Material provided:
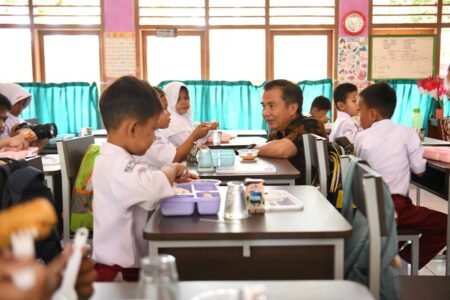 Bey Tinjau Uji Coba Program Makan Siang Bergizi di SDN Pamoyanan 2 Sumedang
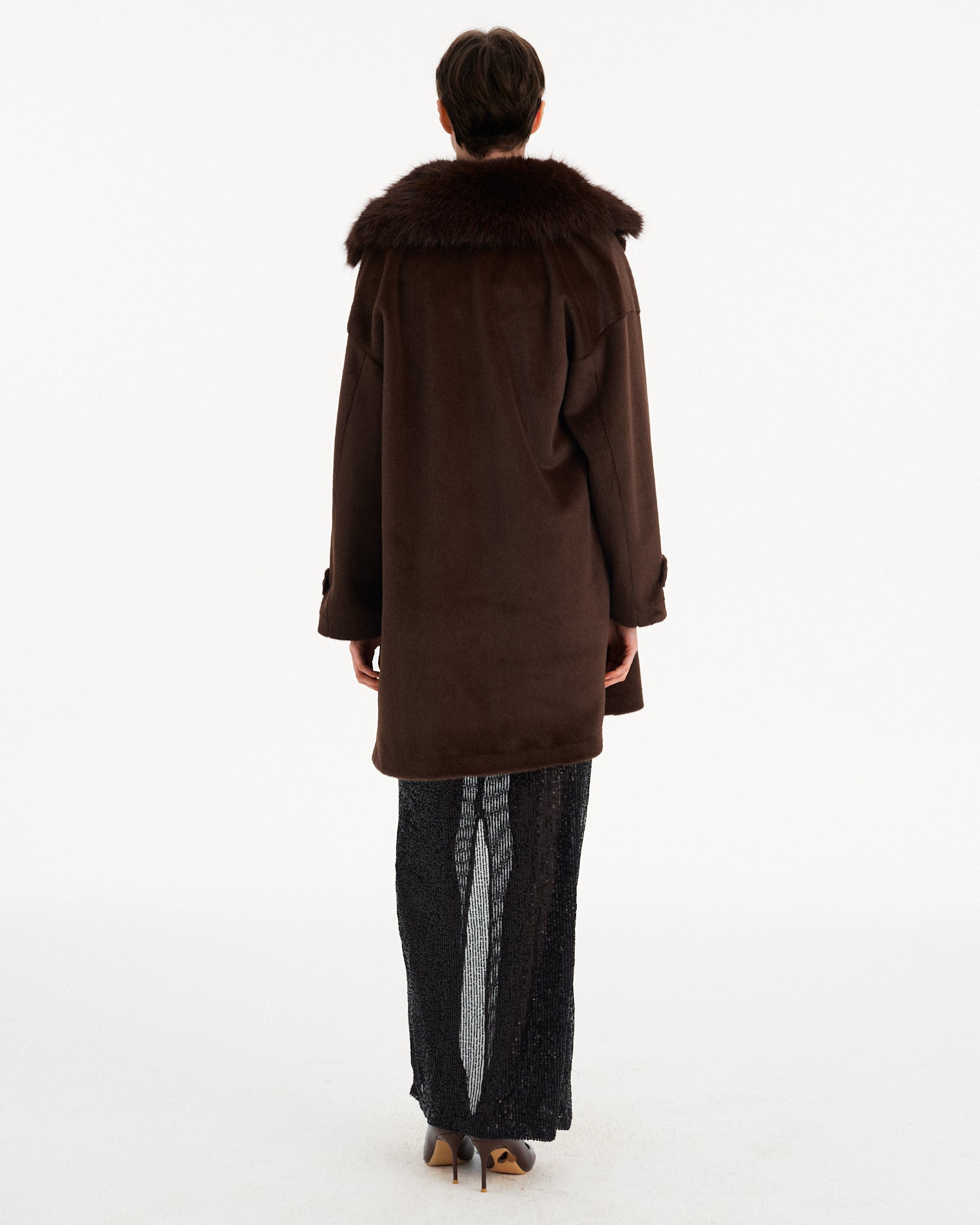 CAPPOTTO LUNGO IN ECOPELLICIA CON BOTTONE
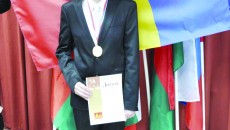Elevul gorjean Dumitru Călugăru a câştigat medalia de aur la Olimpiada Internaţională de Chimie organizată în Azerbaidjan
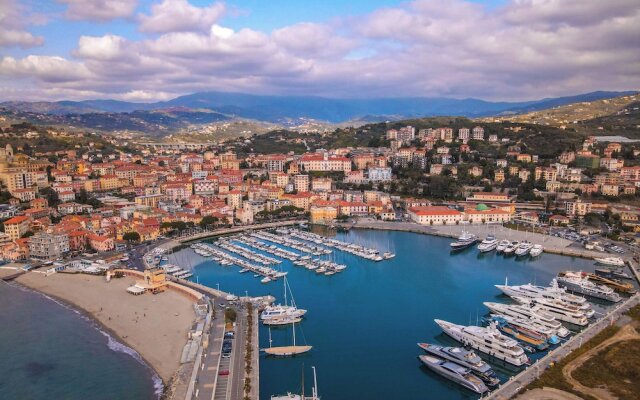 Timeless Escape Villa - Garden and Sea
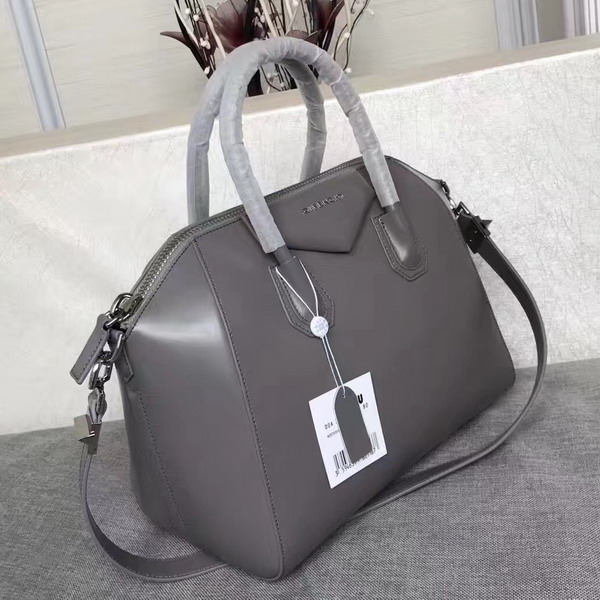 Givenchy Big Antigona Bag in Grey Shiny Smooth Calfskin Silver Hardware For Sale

What you have to do: Retype the whole listing. Keep every word exact but include no pictures.

Task answer:
 Bey Tinjau Uji Coba Program Makan Siang Bergizi di SDN Pamoyanan 2 Sumedang
 CAPPOTTO LUNGO IN ECOPELLICIA CON BOTTONE
Elevul gorjean Dumitru Călugăru a câştigat medalia de aur la Olimpiada Internaţională de Chimie organizată în Azerbaidjan
 Timeless Escape Villa - Garden and Sea
 Givenchy Big Antigona Bag in Grey Shiny Smooth Calfskin Silver Hardware For Sale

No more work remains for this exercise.